Exploring wavefield-based location imaging in heterogeneous media: a borehole DAS example

Earthquake localization using Distributed Acoustic Sensing (DAS) is challenging due to the single-component directional sensitivity of DAS systems. We propose a novel approach for localization that is based on dense DAS recordings and constraints from known structural heterogeneity of the subsurface. Our method employs full-waveform simulations to generate synthetic DAS wavefield images for a range of potential earthquake source locations. A deep convolutional neural network (CNN), based on a U-Net architecture, is trained on these images to map DAS-recorded wavefield patterns to earthquake source coordinates, without the need for identification and picking of P- and S-wave arrivals.
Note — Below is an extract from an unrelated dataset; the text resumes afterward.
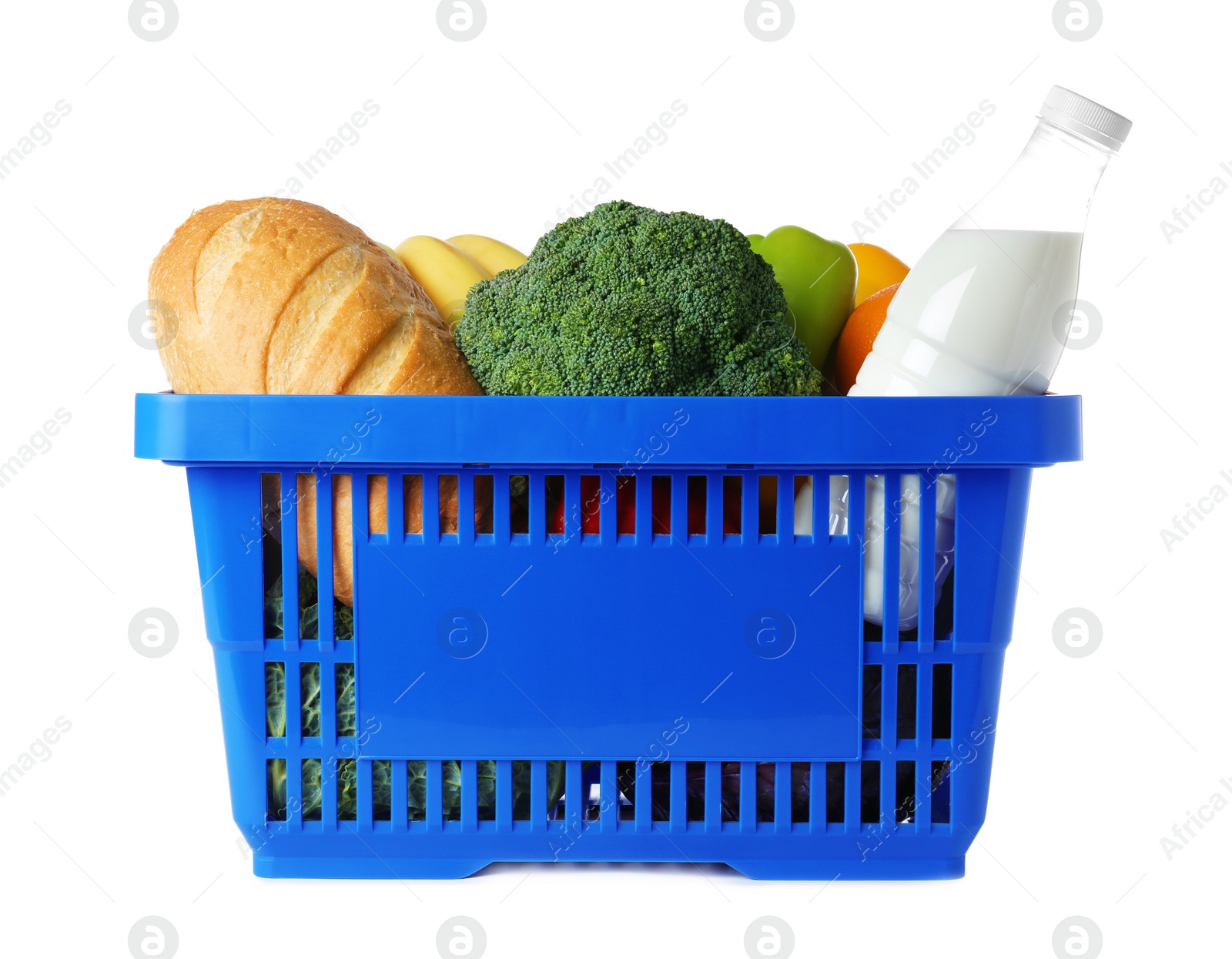 Photo of Shopping basket with grocery products on white background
We evaluate this wavefield-based localization technique using a challenging synthetic case study involving DAS recordings in a single vertical borehole, representative of monitoring configurations commonly deployed at geothermal platforms. We consider different velocity models of varying geological complexity. The results show that the CNN effectively learns location-specific wavefield signatures influenced by subsurface heterogeneity. Uncertainties can be reduced significantly by adding recordings from a second borehole. While the results are based on idealized 2D synthetic modeling, the method offers a promising approach for improving microseismic monitoring when detailed information on the heterogeneous velocity structure is available (such as that derived from seismic surveys).